Considering this, it makes me wonder where the Israelites themselves were when God tells Moses that striking the rock at Meribah (Numbers 20) has gotten him permanently barred from entering the Promised Land. Every study of that text I’ve ever been in, people wonder about God, and why God is so picky, when Moses has done so well up till then. But now I wonder … why do we never ask why the people don’t intercede for Moses there? We probably should ask that.
And then God lays out the consequences in vv21-23. So that untranslatable clause in v18 is serious.
This idea that forgiveness is compatible with definite negative consequences seems like a particularly important idea here. Our lesson commentary points out that it has a limit (“to the third and fourth generation,” which is an improvement over some ancient practices). But it also seems like something we take too lightly and forget too easily – both when we think about our own relationship with God, and when we think about our relationships with other people. Christians sometimes seem to have the idea that God’s forgiveness always wipes the slate clean, and human forgiveness must do the same – even in cases where, for instance, lifting that restraining order would be objectively dangerous to the health and welfare of the individual being counseled to “forgive.”

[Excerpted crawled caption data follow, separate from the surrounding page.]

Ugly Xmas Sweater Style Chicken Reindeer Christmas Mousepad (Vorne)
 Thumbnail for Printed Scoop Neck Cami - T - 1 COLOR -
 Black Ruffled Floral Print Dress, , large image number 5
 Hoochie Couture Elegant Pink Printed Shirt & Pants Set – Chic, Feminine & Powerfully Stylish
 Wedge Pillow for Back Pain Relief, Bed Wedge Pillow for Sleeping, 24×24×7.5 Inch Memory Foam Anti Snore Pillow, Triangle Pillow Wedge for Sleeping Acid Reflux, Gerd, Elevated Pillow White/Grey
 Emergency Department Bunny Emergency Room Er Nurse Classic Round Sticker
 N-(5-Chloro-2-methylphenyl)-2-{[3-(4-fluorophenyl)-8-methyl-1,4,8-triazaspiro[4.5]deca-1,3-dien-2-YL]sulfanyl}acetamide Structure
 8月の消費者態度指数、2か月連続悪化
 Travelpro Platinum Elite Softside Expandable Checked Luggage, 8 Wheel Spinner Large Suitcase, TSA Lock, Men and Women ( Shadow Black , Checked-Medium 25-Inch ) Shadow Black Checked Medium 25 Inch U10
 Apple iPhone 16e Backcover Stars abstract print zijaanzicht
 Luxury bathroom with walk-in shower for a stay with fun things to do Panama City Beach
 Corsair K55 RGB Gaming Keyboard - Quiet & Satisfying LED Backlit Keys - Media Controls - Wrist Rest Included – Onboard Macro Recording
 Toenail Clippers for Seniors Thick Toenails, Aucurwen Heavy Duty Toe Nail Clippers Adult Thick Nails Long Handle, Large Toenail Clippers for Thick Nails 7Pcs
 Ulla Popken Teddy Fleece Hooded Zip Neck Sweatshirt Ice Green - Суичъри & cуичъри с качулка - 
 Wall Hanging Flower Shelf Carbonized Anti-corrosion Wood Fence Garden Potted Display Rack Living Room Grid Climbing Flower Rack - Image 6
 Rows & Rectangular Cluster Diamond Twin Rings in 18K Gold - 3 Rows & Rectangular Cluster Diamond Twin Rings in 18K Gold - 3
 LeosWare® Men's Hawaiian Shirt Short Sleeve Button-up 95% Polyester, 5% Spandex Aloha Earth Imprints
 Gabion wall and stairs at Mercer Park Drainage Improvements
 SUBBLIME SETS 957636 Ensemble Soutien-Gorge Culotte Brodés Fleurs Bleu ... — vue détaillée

If something we see in this story is that we collaborate with God in writing the stories of our lives, then something else we see in this story is that what we do matters. Forgiveness matters, too. It’s an indispensable intervention, and it averts doom and disaster. But it’s not a reset, at least not in this story; the Israelites’ itinerary is permanently affected.
Saying “no” to God makes for a different story.
But if we take that seriously, then we’ll have to ask ourselves … what story do we really want to write in our own lives?